Exercise brief => Nothing outside the range is wanted. Repeat exactly the lines below from the one with "Lee Chilton celebrates" through the one with "Woodem air freshener".

Data excerpts =>
──────────────────────────────
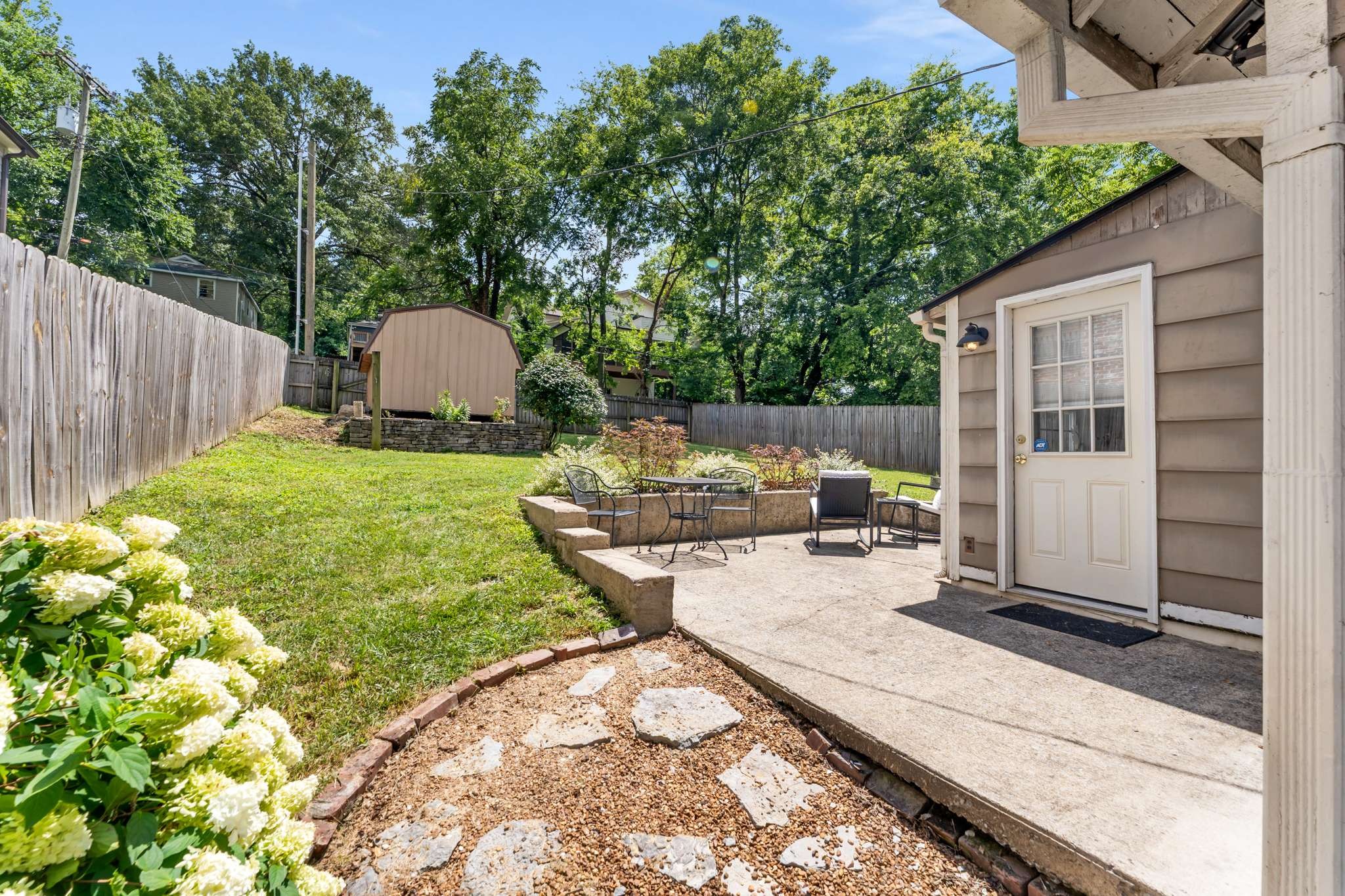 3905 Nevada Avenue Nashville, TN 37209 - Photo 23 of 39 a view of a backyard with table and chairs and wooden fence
──────────────────────────────
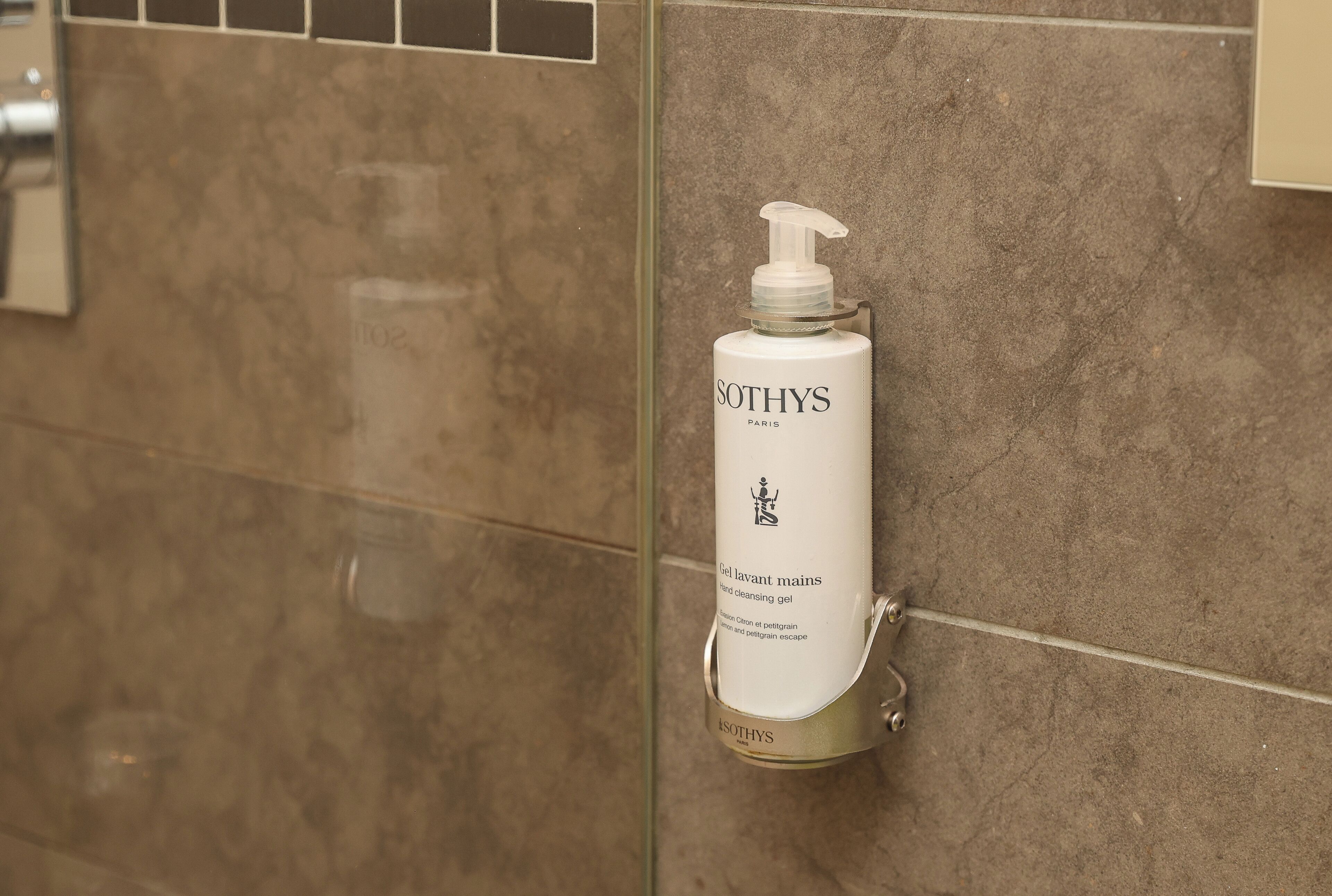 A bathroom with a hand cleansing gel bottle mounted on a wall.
──────────────────────────────
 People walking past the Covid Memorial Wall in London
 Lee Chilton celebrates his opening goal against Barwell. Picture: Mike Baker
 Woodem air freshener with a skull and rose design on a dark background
──────────────────────────────
Exercise answer =>
 Lee Chilton celebrates his opening goal against Barwell. Picture: Mike Baker
 Woodem air freshener with a skull and rose design on a dark background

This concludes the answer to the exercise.